Reputation: 10117
I am consuming an XML feed which contains a great deal of whitespace. When I echo out the raw feed, it looks as though the columns of the tabled data are properly formatted with just the white space.
I have tried many regex patterns to remove it, to only allow visible characters, trim, chop, utf-8 encode/decode, nothing is touching it. It's like it is laughing in my face when I echo out a value and see this:
string(17) "72"
Opened the data in Notepad++ with show all characters on, and it simply shows it as spaces. I am at a loss of where to go with this.
I did recieve the following error:
simplexml_load_string(): Entity: line 265: parser error : Input is not proper UTF-8, indicate encoding !
Bytes: 0xB0 0x43 0x20 0x74
Upvotes: 0
Views: 1583
Reputation: 10117
Solution
My very hacky workaround that works:
$raw = file_get_contents('http://stupidwebservice.com/xmldata.asmx/Feed');
$raw = urlencode(utf8_encode($raw));
$raw = str_replace('++','',$raw);
$raw = urldecode($raw);
urlencoding after the utf-8 encoding turned the space into +'s. I simply removed all instances of double ++'s and took it back. Works great.
Upvotes: 0
Reputation: 3189
Try running the data through utf8_encode()
- it might seem like a hack, but it seems like the originating data isn't properly setup.

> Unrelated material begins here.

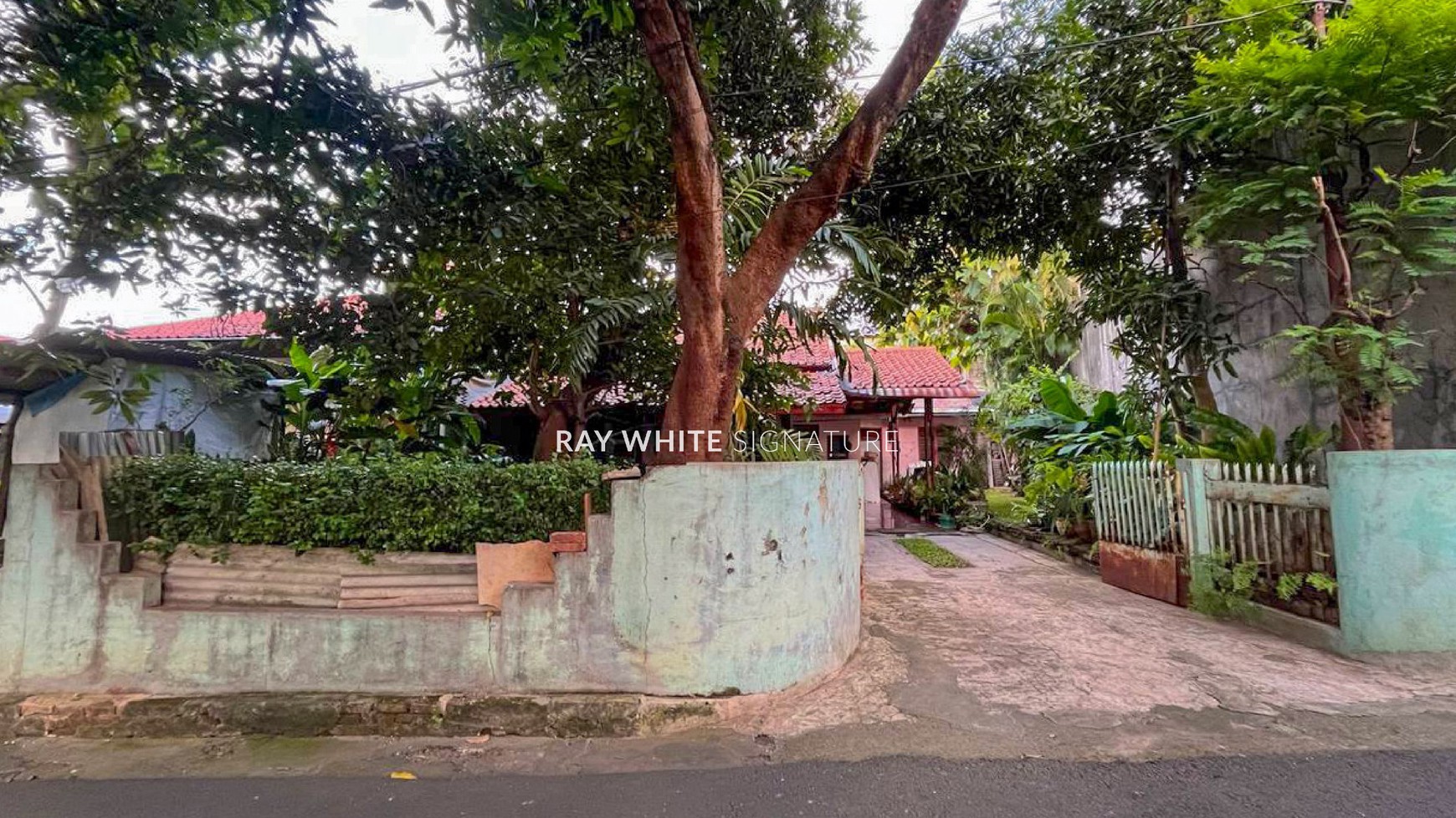 Dijual Rumah Lama di Jl Soka Komplek MPR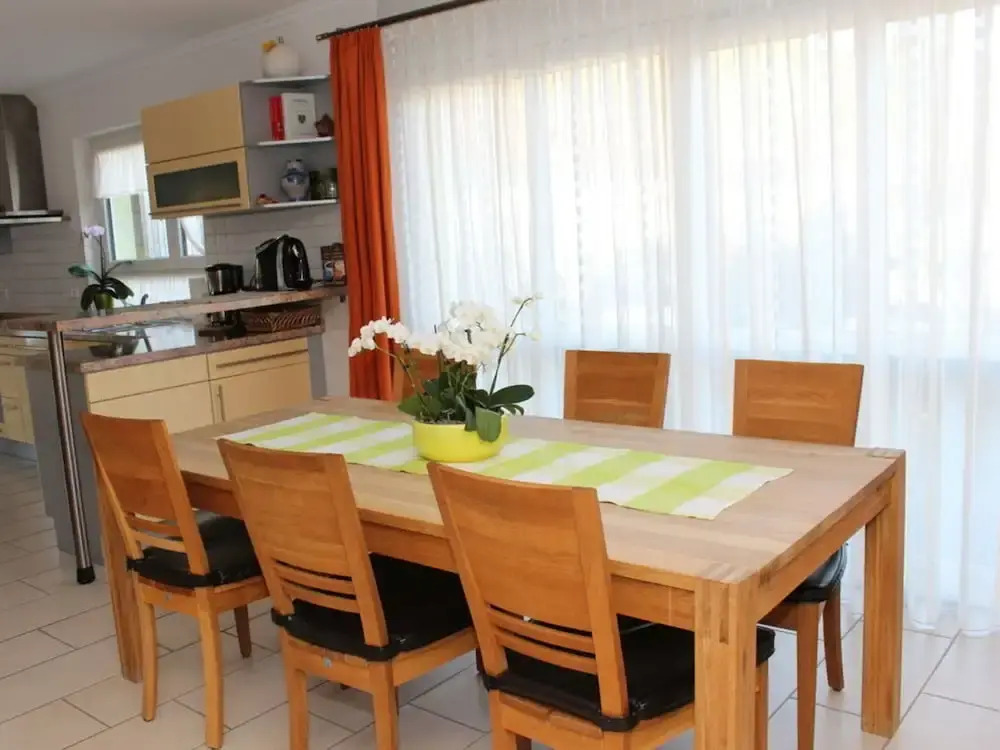 Holiday Apartment in the Rose Garden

My theory is that you're grabbing it with the wrong encoding, and the proper solution would be to load it differently.
Upvotes: 1
Reputation: 61
I just found this regex (untested)
$xml_data = preg_replace("/>\s+</", "><", $xml_data);
If you are using the xml parser, I think you can use the 'XML_OPTION_SKIP_WHITE' option referenced here: http://php.net/manual/en/function.xml-parser-set-option.php
Upvotes: 1